Some things are a little too sensitive to deal with. Out of embarrassment or shame or your own habit for making excuses. For me one of these things was my day job. My CV has always read a little strange. A BA and MA in Literature and Writing and then admin jobs in fields connected to finance. When I moved to London three years ago I didn’t have a job and after two months I was starting to get desperate. I ended up getting a temp job in an office in Canary Wharf. I didn’t really like it much, but after a while I got to know some nice people and the work was only boring, not stressful. After a while I moved into another job in a different department, which was similar but a bit more varied. I met more people who were nice and after a while I accepted everything. The way habits form and the way after a while you can stop noticing things you see every day. I accepted the rather boring unchallenging job. I accepted the painful and stressful commute and I was almost used to the surprised and confused looks on people’s faces when they heard where I worked.

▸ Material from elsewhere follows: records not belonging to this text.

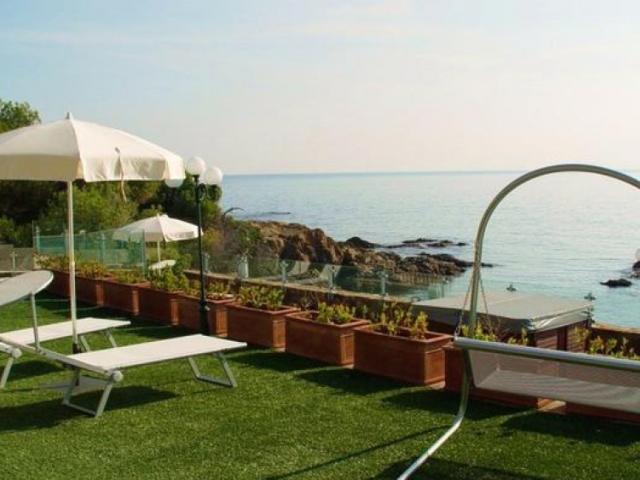 Зона отдыха с видом на море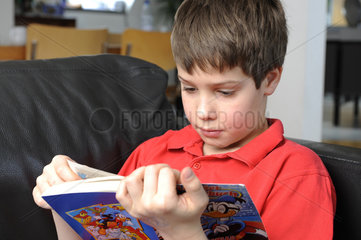 Junge liest Comic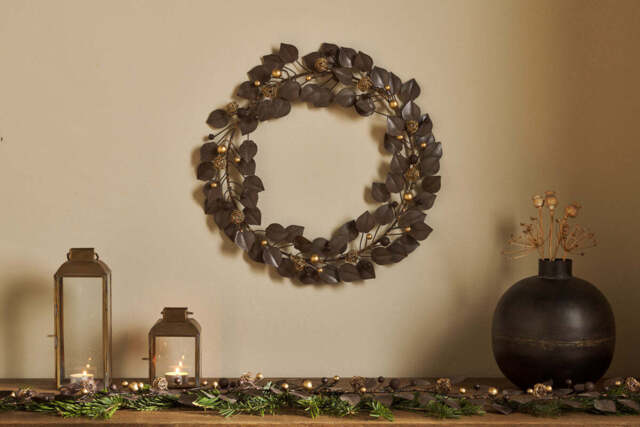 nkuku Ishana Wreath - Christmas Decorations - One Size - Antique Brass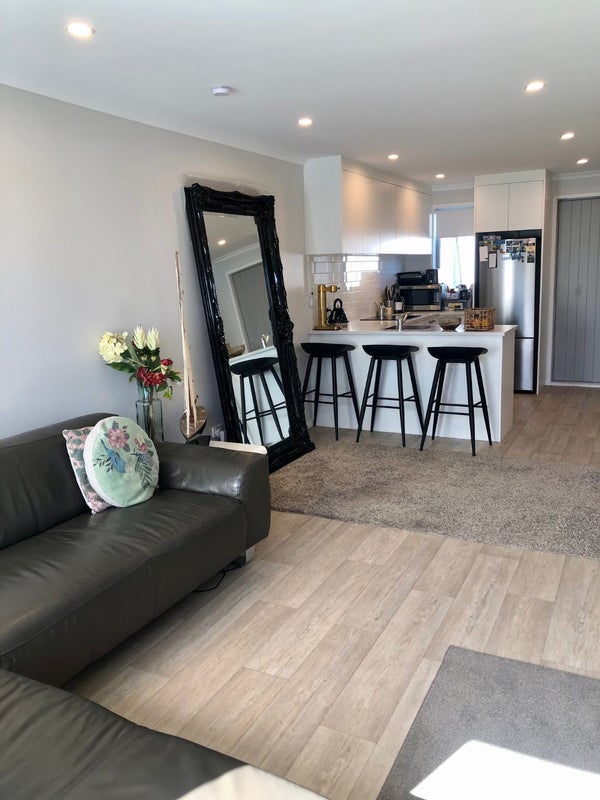 74A Stanley Road, Glenfield, Auckland - Carousel 1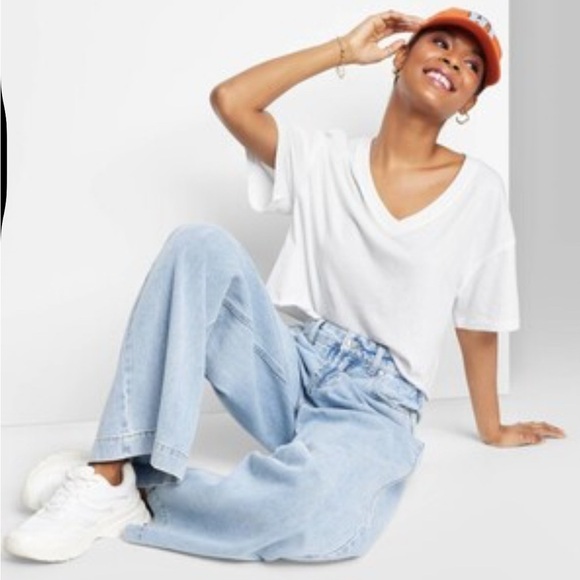 Women’s Wild fable white V neck Crop Tee, size XL - Picture 1 of 6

I made excuses for it half knowing that the people I was talking to didn’t really believe me. Like a lot of things in my life, I’ve learned, I seem to put up with them a lot longer than I should and in hindsight I always seem to be about six months behind where I should be in terms of moving on at the right time.
Two and a half years after I started, I left the job. I realised a lot of things in the run up to my thirtieth birthday. Amongst these things was the importance of taking notice of myself. I noticed that commuting to Canary Wharf from North London was making me incredibly angry. Every morning and every evening my heart would race and I started to mutter, at first quietly and at last very loudly to all the rude people who pushed and shoved me. I found myself saying loudly “AM I INVISIBLE?” when people walked at me, expecting me to jump out of their way, or when people crowded onto the train not letting me get off first. I found myself saying it over and over in my head. It made me sad because I realised that doing that every day did make me feel invisible. I was living a bit of a compromise. I was in a job I didn’t really care for in a field that was utterly unconnected to any of my real life interests. But I did it because I did need a job and being unemployed in London scared me, I had a very high threshold for crap I could put up with because being unemployed was worse. Things shifted and with the unwavering, lovely support of my special gentleman friend, I finally realised long after everybody else in my life that I needed to get a new job.

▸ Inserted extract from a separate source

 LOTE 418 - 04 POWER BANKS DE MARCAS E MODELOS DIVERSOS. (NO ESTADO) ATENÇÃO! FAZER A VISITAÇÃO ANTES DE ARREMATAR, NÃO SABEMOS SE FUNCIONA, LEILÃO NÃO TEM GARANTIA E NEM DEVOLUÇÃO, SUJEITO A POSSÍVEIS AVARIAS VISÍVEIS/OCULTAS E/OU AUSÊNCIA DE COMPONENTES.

After I realised this I was ready to leave and the frustration just grew and grew. I channelled a lot of energy into looking for new jobs and spent a lot of evenings writing application forms and cover letters. After my first rejection email I felt validated. I felt like had things been different that day I could have got a phone call asking me to an interview instead of an emailing telling me I wasn’t right for the job. The application forms weren’t going nowhere, at least someone was reading them. I was a name on a list to be struck through, this was progress at least.

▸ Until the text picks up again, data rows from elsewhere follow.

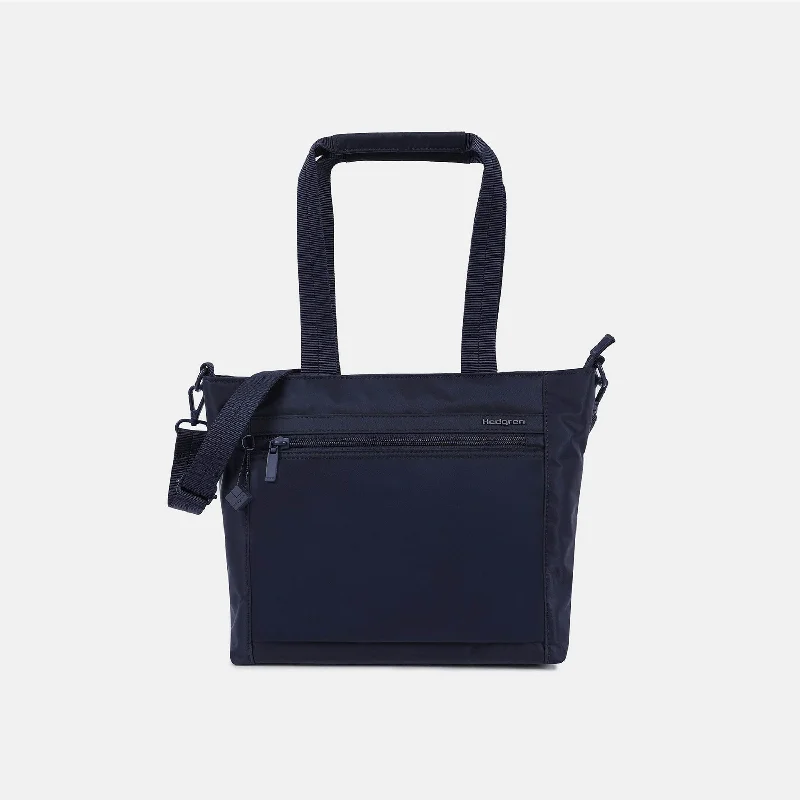 Faux Fur - Trimmed Tote Bag in White for a Cozy Winter LookZOE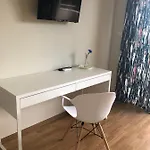 Gazde/Camere de închiriat Casa Angela *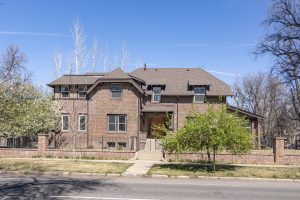 2833 E 8th Ave - Congress Park Home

From the outside it didn’t take too long to get my new job but it felt longer. I remember just before it happened I daydreamed that perhaps within 4 to 6 weeks I could be moving on. I think it was 6 weeks. I had an interview, I liked the office and the people and I was offered a new job. At this point all of my frustrations about where I had been working for the past two and a half years were in sharp focus. My growing hatred and anxiety of commuting on the tube each day was amplified. I found myself stressed at work, so very keen to move on and on the verge of tears or panic attacks on the tube because of people shoving and pushing, or walking at me and expecting me to get out the way, taking me over because I wasn’t rushing fast enough from the Jubilee Line to the Northern Line at London Bridge (I’ll probably have nightmares about those tunnels full of angry men rushing into the opposite direction to me). Leaving is always complicated. Whatever sort of leaving you’re talking about. I found I had to stop myself from being too pleased to be leaving because I liked the people I worked with and I didn’t want to offend them. In my last week I did let slip a few times though and I felt loose and happy as I felt with each day how I would be leaving and how the acronyms and the regulations and the shortcuts would no longer matter, even in the small way they seemed to. I wouldn’t have to get the tube to my new job. I wouldn’t have to fight my way between platforms at Bank or London Bridge against crowds most often going in the opposite direction. On my last morning commute someone pushed passed me so forcefully they ripped my headphone cable out of my phone, to which I said rather loudly “THANKS FOR UNPLUGGING MY PHONE YOU ARSEHOLE” Of course people looked around at me and I muttered angrily as I sauntered off in the other direction. I do regret saying that but it seems a bit too perfect that this would happen on my last morning commute. On my last afternoon commute I was so happy I got a friend to take the picture above of me swearing outside Canary Wharf station.
I don’t want to say anything about my new job. Only that it’s a bit more me and I already feel like it’s a step towards what I want to do later on, however that happens. I know it’s unrealistic to say it and idealistic, but please don’t put up with things for longer than you have to, like I did. Especially if those things are making you deeply unhappy and making you not really recognise yourself (calling strangers “ARSEHOLES” on the tube isn’t very “me”). At the moment I feel a little like having a job I don’t hate is a luxury and you deserve that as much as everyone else. Whether it’s your job or relationship or living situation, if you know deep down you’re not happy with it (which you do) please take steps to change it, you’ll thank yourself later and you can celebrate leaving like I did by just fucking off and never going back.